AKP Kadın Kolları Malatya İl Başkanlığı tarafından 25 Kasım Kadına Yönelik Şiddetle Mücadele Uluslararası Dayanışma Günü kapsamında düzenlenen yürüyüşle kadına yönelik şiddete dikkat çekildi.
Yürüyüş sonrası bir açıklama yapan AKP İl Kadın Kolları Başkanı Aynur Oğuzhan, “Kadına yönelik şiddet dünyanın her yerinde aynı biçimde tezahür ediyor ve aile içi şiddet ne yazık ki hala en yaygın şiddet biçimi olmaya devam ediyor. AK Kadınlar olarak, kadına yönelik şiddetin bir insan hakkı ihlali olduğunu dün olduğu gibi bugün de dile getirmekten vazgeçmiyor, ekonomik ya da kültürel hiçbir gerekçenin ardına sığınılmasına müsaade etmeden kadına yönelik her türlü şiddete karşı turuncu çizgimizi çekiyoruz. Kadim medeniyetimizin yüzyıllar boyunca barındırdığı din, ahlak, şuur ve vicdan öğretilerinin tümünde, kadına ve kız çocuklarına karşı yapılan herhangi bir kötü muameleye kati suretle karşı çıkılmıştır. Yüzyıllar öncesinden, henüz İnsan Hakları Evrensel Bildirgesi yokken, kadın erkek ayrımı yapmadan insani bir mesajın dünyaya yayılmasına öncü olan Hz. Peygamber’in sözünü hatırlatmak ve hepimizin üzerine düşen önemli bir vazifedir. İnsanlara merhamet etmeyene, Allah da merhamet etmez. Hiçbir ayrım gözetmeksizin yaşam biçimi olarak, kadına ve kız çocuklarına uygulanacak kötü muameleyi kabul etmesi de mümkün değildir” ifadelerini kullandı.
Oğuzhan, “Ülkede ve dünyada kadınların yıllardır sürdükleri çeşitli mücadeleler ile kadına ve aslında insana yakışır, hak ve adalet talepleriyle oldukça büyük kazanımlar elde etmişlerdir.
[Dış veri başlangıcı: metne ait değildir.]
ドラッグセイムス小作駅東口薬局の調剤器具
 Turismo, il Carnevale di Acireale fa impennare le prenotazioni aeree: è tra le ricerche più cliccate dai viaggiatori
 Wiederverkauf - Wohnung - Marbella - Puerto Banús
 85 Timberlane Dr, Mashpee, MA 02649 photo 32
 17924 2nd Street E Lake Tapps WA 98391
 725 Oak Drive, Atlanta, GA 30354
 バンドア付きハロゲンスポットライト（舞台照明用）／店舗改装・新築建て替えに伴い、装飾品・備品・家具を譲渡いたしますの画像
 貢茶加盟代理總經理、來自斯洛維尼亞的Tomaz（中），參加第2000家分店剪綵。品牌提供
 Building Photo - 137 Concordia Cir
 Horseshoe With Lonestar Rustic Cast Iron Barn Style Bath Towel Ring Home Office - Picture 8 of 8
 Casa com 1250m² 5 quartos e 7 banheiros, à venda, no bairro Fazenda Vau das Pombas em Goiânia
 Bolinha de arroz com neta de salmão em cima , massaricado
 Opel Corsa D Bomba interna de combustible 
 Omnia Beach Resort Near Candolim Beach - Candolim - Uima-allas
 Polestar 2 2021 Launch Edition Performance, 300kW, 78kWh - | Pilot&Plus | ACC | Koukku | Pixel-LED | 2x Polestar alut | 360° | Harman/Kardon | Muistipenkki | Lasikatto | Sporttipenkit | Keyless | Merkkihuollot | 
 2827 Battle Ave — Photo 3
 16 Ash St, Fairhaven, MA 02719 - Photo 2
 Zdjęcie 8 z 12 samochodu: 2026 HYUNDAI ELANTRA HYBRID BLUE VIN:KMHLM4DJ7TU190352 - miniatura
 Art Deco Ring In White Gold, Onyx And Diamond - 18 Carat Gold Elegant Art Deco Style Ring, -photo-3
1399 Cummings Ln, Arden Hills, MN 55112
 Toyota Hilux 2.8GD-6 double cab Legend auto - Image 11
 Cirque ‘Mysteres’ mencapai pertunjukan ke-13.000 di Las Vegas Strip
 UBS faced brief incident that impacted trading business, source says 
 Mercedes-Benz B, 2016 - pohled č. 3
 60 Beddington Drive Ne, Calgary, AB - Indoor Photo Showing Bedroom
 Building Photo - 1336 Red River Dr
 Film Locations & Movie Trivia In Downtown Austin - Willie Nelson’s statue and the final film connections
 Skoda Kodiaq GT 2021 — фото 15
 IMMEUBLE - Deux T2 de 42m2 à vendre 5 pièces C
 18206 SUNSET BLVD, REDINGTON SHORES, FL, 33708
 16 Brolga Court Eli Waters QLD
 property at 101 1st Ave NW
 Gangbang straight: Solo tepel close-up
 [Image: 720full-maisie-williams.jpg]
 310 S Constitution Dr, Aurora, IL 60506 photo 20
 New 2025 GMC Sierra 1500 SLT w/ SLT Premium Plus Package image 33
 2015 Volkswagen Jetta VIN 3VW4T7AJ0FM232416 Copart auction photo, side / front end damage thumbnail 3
Ülkemiz, bu anlamda kadınların yaşadığı sorunlarla ilgili çeşitli hukuki düzenlemeler yıllardır tüm kadınların yanında olarak, güçlenme ve kendilerini gerçekleştirme süreçlerine katkı sağlamıştır. Toplumsal cinsiyet eşitliğini sağlamak adına hem uluslararası düzeyde kabul edilen anlaşmalara imza atmış hem de kendi mevzuatında köklü değişikler yapmıştır. AK Parti, kadın, erkek, yaşlı, genç, herkesin, hepimizin partisidir. Ak Kadınlar, olarak; Kadına Yönelik Şiddete karşı Uluslararası Mücadele ve Dayanışma Günü’nde kadına yönelik her türlü şiddete turuncu çizgimizi çekiyoruz. Aynı hassasiyetle, tüm toplum da turuncu çizgilerini çekmeye davet ediyoruz. Sağlıklı bir toplum ve gelecek nesiller için kadına yönelik şiddete karşı hep birlikte turuncu çizgimizi çekelim” diye konuştu.
"KADINA ŞİDDET SON BULSUN"
Bu arada CHP Malatya Kadın Kolları İl Başkanı Güllü Tunçer 25 Kasım Kadına Şiddetle Mücadele Günü dolayısıyla bir açıklama yaptı.
Kadına yönelik şiddetin her geçen gün arttığını ifade eden Tunçer, “Kadınlar, her gün şiddete, tacize ya da tecavüze uğruyor. Şiddet o kadar arttı ki artık medyada sıradan vaka gibi yer buluyor. Her sosyal, kültürel çevreden, ünlü ya da ünsüz toplumun her kesiminde kadına yönelik şiddete tanıklık ediyoruz. 2018’in ilk dokuz ayında 183 kadın ve 10 çocuk öldürdü. 50 kadına tecavüz edildi. 162 kadın tacize uğradı. 375 kadına zorla seks işçiliği yaptırıldı. 279 kız çocuğu cinsel istismara maruz kaldı. 316 kadın yaralandı. Bunlar sadece medyaya yansıyanlar. Tacizler, evde, sokakta, belediye otobüsünde yaşandı. Yani kadınlar hiçbir yerde güvende değil. Cinayetlerden bazıları uzaklaştırma kararlarına rağmen işlendi. Devlet kadını koruyamadı. Kadınların büyük bir bölümü kocaları veya sevgilileri tarafından öldürüldü. Dile getirmekten dahi utanç duyduğumuz bu olayların hepsi bu yıl bizim ülkemizde yaşandı. Kimi komşumuzdu, kimi arkadaşımızdı. Yani 2018’de de erkek sevgisi kadını öldürdü” şeklinde konuştu. Kadına yönelik şiddetin bir insan hakkı ihlali olduğunu aktaran Tunçer, “İktidarın kullandığı ‘şiddet dili’, şiddeti körüklüyor. İnsanların hemen hemen her konuda ötekileştirildiği ülkemizde, kadın da ötekileştirildi. Kadına yönelik şiddeti çözmeyi ‘namus’ kavramına kadar indirgeyen anlayış kadınları öldürdü. Katil ya da tecavüzcü kravat takıp, takım elbise giydiği için iyi hal indiriminden yararlandı. Kadına yönelik şiddetin önüne geçmek için ayrıştıran ve ötekileştirilen dil terk edilmelidir. Kadın istihdamı artırılmalı, kadınların çalışma yaşamında eşit koşullarda daha çok yer alması sağlanmalıdır. Kadına ve çocuğa yönelik, şiddet, cinsel istismara karşı iyi hal indirimi kullanılmamalı, en üst seviyeden ceza verilmelidir. Evde, ailede, eğitimde, iş yerinde, sokakta, siyasette, medyada, dilde, tribünde, hukukta ‘kadına şiddet kültürü’ kendine yer buluyor. Bunun önüne geçmenin en önemli yolu eğitimdir. Kadına şiddetle mücadele ders kitaplarında yer almalıdır. Kreş çağından başlayarak müfredata ‘toplumsal cinsiyet eşitliği’, ‘büyüklerin zararlı dokunuşlarını anlama’, ‘sadece yabancılara değil, anne babaya da karşı haklar’ gibi dersler konulmalıdır” diye konuştu.